More than a thousand people crammed into the Stockholm Concert Hall as the Nobel Prize award ceremony started at 4.30pm with a glitzy, televised Nobel Banquet at the capital's City Hall kicking off at 7pm.
The winners of the 2015 physics prize were the first to collect their awards – Takaaki Kajita from Japan and Arthur B. McDonald from Canada — followed by those being honoured for their work in medicine, chemistry, literature and economics.
Swedish chemist Tomas Lindahl was among the winners, celebrated for his work studying DNA repair. He beamed broadly as he was handed his medal by King Carl XVI Gustaf and was also given the chance to sit next to newlywed and former reality television star Princess Sofia during the evening meal.
Medicine prize winner Tu Youyou. Photo: Marcus Ericsson/TT
Each year the audience is treated to music performances in between each prize being handed out, with this December's programme including classics such as The Maiden under the Linden Tree by Wilhelm Peterson-Berger and Lensky’s Aria from Eugen Onegin by Pyotr Ilyich Tchaikovsky.
For the banquet, guests were promised a Scandinavian-themed locally sourced feast, spread out over more than 60 tables requiring some 7000 porcelain pieces.

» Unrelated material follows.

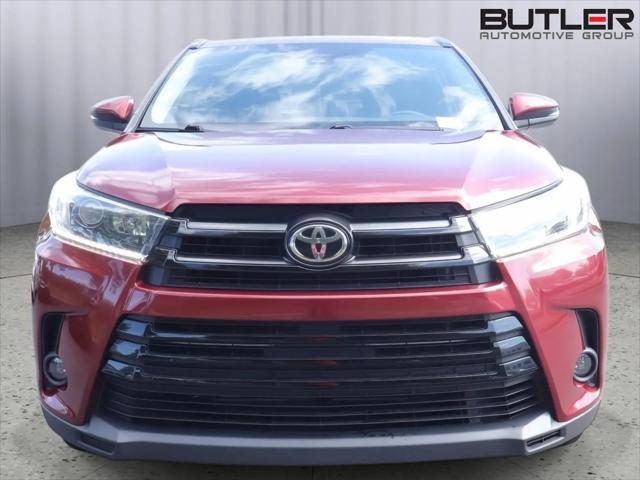 2019 Toyota Highlander SE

— The Nobel Prize (@NobelPrize) December 10, 2015
The high-profile events got under way less than a month after Sweden raised its terror threat alert to historically high levels.

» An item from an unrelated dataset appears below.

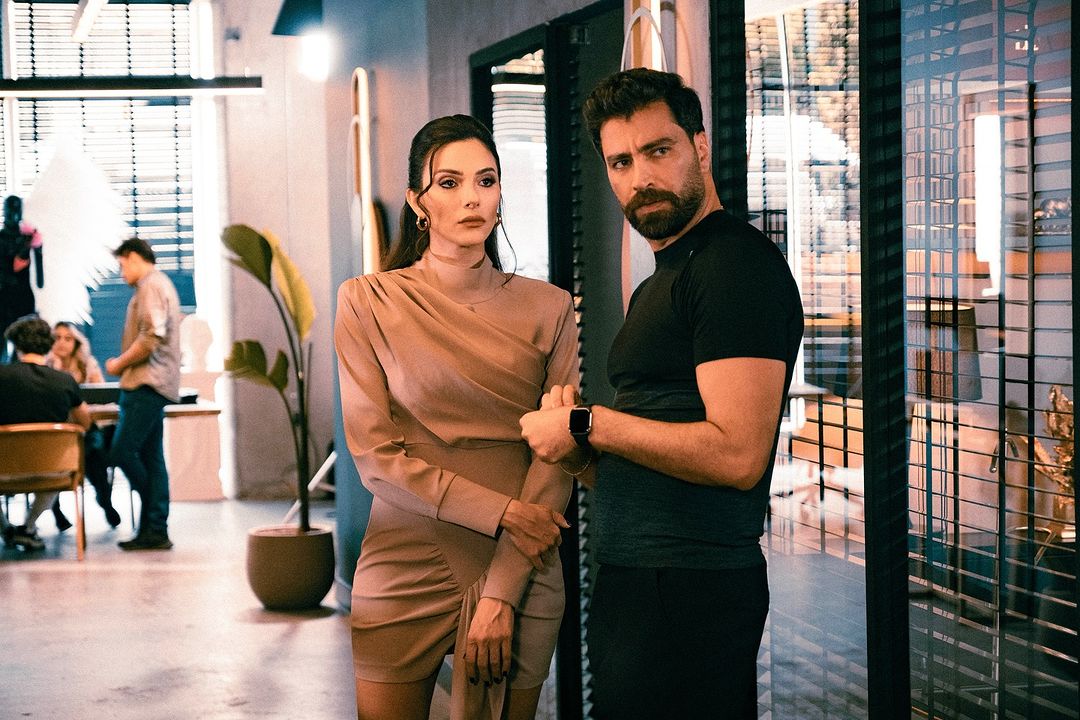 ساشا دحدوح مع معتصم النهار في مسلسل لعبة حب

Police urged commuters in the Swedish capital to leave their cars at home as several streets were cordoned off ahead of the arrival of royals, international star academics and foreign dignitaries.

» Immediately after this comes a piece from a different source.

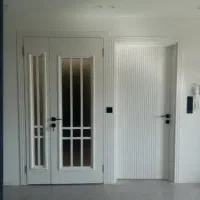 درب داخلی ساختمان تولیدی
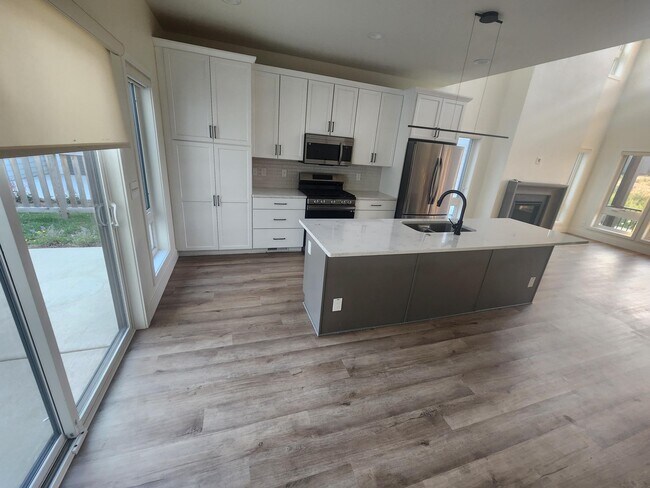 Building Photo - 4216 E Cypress Pl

“Security is tighter than ever this year, considering what happened in Paris, and the raised terror threat level. (…) A person who behaves in a suspicious way could be arrested or a backpack left behind could lead to an area being cordoned off – police vigilance will be high this year,” an unnamed source told the Aftonbladet tabloid ahead of the ceremony.
But Sweden's national security police, Säpo, told The Local last week that it was not stepping up security any more than usual for the event, which welcomes more than a thousand guests including foreign ambassadors and top politicians.
“We have a very high security level every year. It's one of the most prioritized events of the year,” said press spokesperson Fredrik Milder.
Police outside Stockholm Concert Hall on Thursday. Photo: Marcus Ericsson/TT
Stockholm police spokesperson Lars Byström told Aftonbladet there was no specific threat directed against the Nobel Prize celebrations, and that the tight security would mainly affect traffic in the capital.
“We will have roadblocks and traffic measures, especially around the Concert Hall,” he said.
Earlier on Thursday the Nobel Peace Prize was handed out in Oslo to four human rights groups working in Tunisia.
The prizes have their roots in the late 1800s, when Swedish chemist Alfred Nobel offered his vast fortune to be shared each year with the best thinkers in literature, peace, physics, chemistry and medicine.